Pytest#
This tutorial demonstrates how deepchecks can be used inside unit tests performed on data or model, with the pytest
framework.
We will use the diabetes
dataset from scikit-learn, and check whether certain columns contain drift
between the training and the test sets.
import pytest
from sklearn.datasets import load_diabetes
from sklearn.model_selection import train_test_split
from deepchecks import Dataset
from deepchecks.tabular.checks import FeatureDrift
from deepchecks.tabular.suites import data_integrity
Defining Pytest Fixtures#
pytest fixtures provide a defined, reliable and consistent context for the tests. This could include environment (for
example a database configured with known parameters) or content (such as a dataset).
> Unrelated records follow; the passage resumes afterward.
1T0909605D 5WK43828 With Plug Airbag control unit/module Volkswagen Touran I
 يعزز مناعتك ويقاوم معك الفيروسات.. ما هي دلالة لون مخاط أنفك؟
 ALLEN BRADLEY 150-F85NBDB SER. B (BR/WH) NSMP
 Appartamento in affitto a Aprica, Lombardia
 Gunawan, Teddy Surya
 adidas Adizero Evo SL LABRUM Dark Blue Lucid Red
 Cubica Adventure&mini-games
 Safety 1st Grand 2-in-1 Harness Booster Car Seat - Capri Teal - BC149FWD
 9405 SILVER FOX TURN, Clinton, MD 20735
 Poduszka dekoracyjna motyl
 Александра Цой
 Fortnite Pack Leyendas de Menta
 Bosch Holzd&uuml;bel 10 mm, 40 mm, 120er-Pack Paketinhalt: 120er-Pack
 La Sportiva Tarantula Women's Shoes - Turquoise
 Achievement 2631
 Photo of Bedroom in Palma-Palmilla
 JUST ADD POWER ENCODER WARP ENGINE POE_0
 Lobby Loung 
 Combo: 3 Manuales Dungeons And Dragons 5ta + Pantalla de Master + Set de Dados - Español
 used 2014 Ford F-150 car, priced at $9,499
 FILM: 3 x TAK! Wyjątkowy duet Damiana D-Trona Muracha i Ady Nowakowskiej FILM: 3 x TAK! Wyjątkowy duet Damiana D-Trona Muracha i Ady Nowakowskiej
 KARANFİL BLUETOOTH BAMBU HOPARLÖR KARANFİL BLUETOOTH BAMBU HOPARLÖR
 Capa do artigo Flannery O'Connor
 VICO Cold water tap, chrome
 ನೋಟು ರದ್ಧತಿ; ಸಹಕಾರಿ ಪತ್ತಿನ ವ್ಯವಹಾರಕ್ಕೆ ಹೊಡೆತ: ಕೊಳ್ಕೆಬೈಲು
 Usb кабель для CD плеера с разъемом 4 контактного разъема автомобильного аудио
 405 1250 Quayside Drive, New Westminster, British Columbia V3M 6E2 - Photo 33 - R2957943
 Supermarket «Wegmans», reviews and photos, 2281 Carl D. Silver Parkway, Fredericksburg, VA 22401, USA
In this tutorial we will define a fixture that load the diabetes
dataset from scikit-learn.
@pytest.fixture(scope='session')
def diabetes_df():
diabetes = load_diabetes(return_X_y=False, as_frame=True).frame
return diabetes
Implementing the Test#
Now, we will implement a test that will check if some columns in the dataset have drifted between the train and test datasets. the test sets.
def test_diabetes_drift(diabetes_df):
train_df, test_df = train_test_split(diabetes_df, test_size=0.33, random_state=42)
train = Dataset(train_df, label='target', cat_features=['sex'])
test = Dataset(test_df, label='target', cat_features=['sex'])
check = FeatureDrift(columns=['age', 'sex', 'bmi'])
check.add_condition_drift_score_not_greater_than(max_allowed_psi_score=0.2,
max_allowed_earth_movers_score=0.1)
result = check.run(train, test)
assert result.passed_conditions()
Please note the passed_conditions()
method of the deepchecks.core.CheckResult
object. This method will return True
if all the
conditions are met, and False
otherwise.
It’s possible to evaluate the result of a suite of checks, and to get the overall result of the test, by using the
deepchecks.core.SuiteResult.passed()
method.
def test_diabetes_integrity(diabetes_df):
ds = Dataset(diabetes_df, label='target', cat_features=['sex'])
suite = data_integrity()
result = suite.run(ds)
assert result.passed(fail_if_warning=True, fail_if_check_not_run=False)